Then, on 3 October, Rhode Island's delegates laid before Congress a bold resolution for the building and equipping of an American fleet, as soon as possible. When the motion came to the floor for debate, Samuel Chase, of Maryland, attacked it, saying it was "the maddest Idea in the World to think of building an American Fleet." Even pro-navy members found the proposal too vague. It lacked specifics and no one could tell how much it would cost.
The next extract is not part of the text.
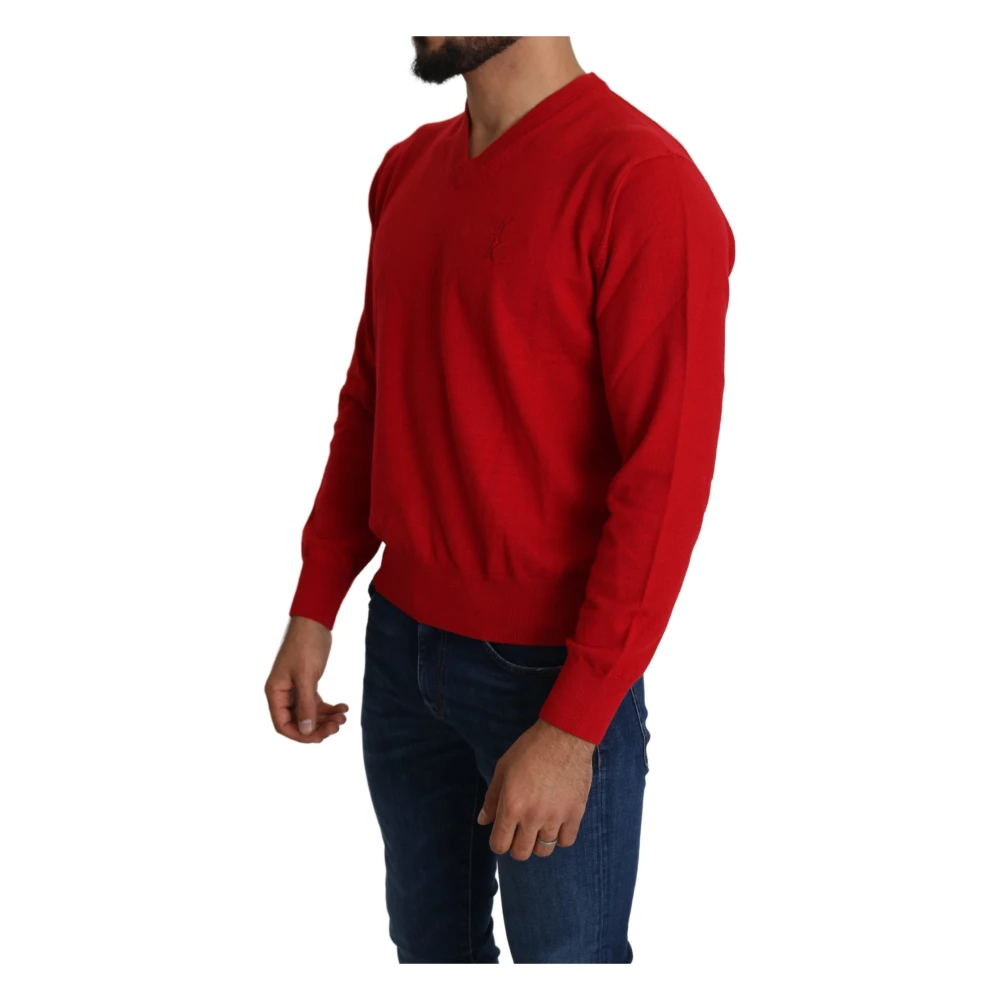 Billionaire Luxe Rode Wol V-hals Trui Red Heren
If Congress was yet unwilling to embrace the idea of establishing a navy as a permanent measure, it could be tempted by short-term opportunities. Fortuitously, on 5 October, Congress received intelligence of two English brigs, unarmed and without convoy, laden with munitions, leaving England bound for Quebec. Congress immediately appointed a committee to consider how to take advantage of this opportunity. Its members were all New Englanders and all ardent supporters of a navy. They recommended first that the governments of Massachusetts, Rhode Island, and Connecticut be asked to dispatch armed vessels to lay in wait to intercept the munitions ships; next they outlined a plan for the equipping by Congress of two armed vessels to cruise to the eastward to intercept any ships bearing supplies to the British army.
Congress let this plan lie on the table until 13 October, when another fortuitous event occurred in favor of the naval movement. A letter from General Washington was read in Congress in which he reported that he had taken under his command, at Continental expense, three schooners to cruise off Massachusetts to intercept enemy supply ships. The commander in chief had preempted members of Congress reluctant to take the first step of fitting out warships under Continental authority. Since they already had armed vessels cruising in their name, it was not such a big step to approve two more. The committee's proposal, now appearing eminently reasonable to the reluctant members, was adopted.
The Continental Navy grew into an important force. Within a few days, Congress established a Naval Committee charged with equipping a fleet. This committee directed the purchasing, outfitting, manning, and operations of the first ships of the new navy, drafted subsequent naval legislation, and prepared rules and regulations to govern the Continental Navy's conduct and internal administration.
Over the course of the War of Independence, the Continental Navy sent to sea more than fifty armed vessels of various types. The navy's squadrons and cruisers seized enemy supplies and carried correspondence and diplomats to Europe, returning with needed munitions. They took nearly 200 British vessels as prizes, some off the British Isles themselves, contributing to the demoralization of the enemy and forcing the British to divert warships to protect convoys and trade routes. In addition, the navy provoked diplomatic crises that helped bring France into the war against Great Britain. The Continental Navy began the proud tradition carried on today by our United States Navy, and whose birthday we celebrate each year in October.
*****
Further suggested reading is one of my favorite books by Ian Toll, "Six Frigates"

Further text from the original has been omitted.